>>

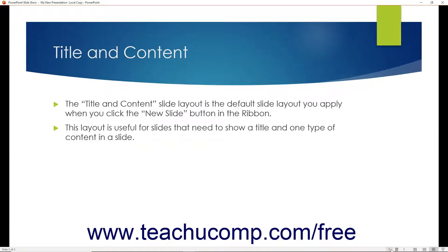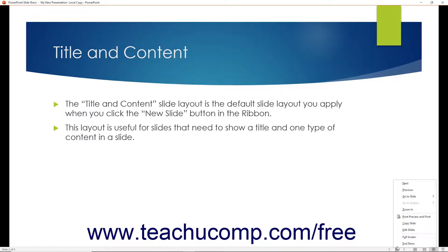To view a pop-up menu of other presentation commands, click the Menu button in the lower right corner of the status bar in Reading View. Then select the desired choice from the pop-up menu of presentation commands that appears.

<<
>>

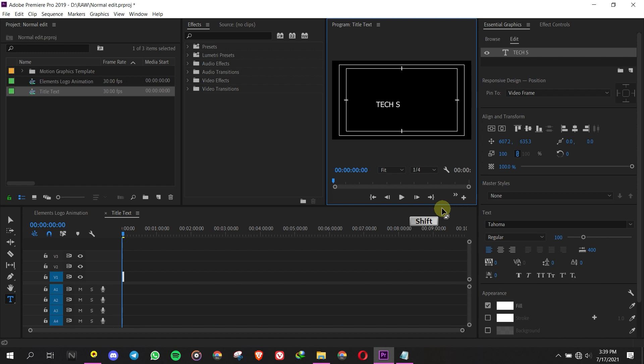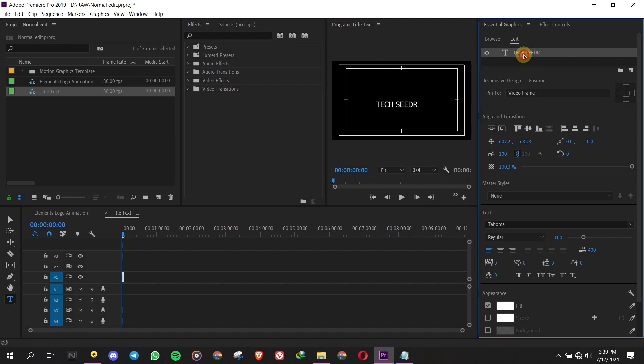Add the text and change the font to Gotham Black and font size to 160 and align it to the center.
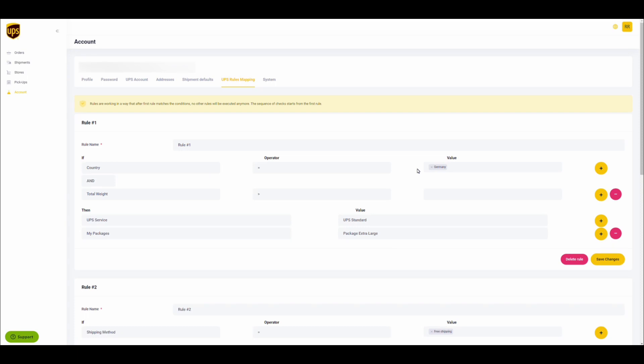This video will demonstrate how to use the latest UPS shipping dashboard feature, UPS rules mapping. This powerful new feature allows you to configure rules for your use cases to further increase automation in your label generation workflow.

<<

**Exercise aim**
Please return the data above exactly as it stands from the line with "Add the text" to the line with "This video will", keeping both of those lines but none of the pictures.

**Exercise answer**
Add the text and change the font to Gotham Black and font size to 160 and align it to the center.
This video will demonstrate how to use the latest UPS shipping dashboard feature, UPS rules mapping. This powerful new feature allows you to configure rules for your use cases to further increase automation in your label generation workflow.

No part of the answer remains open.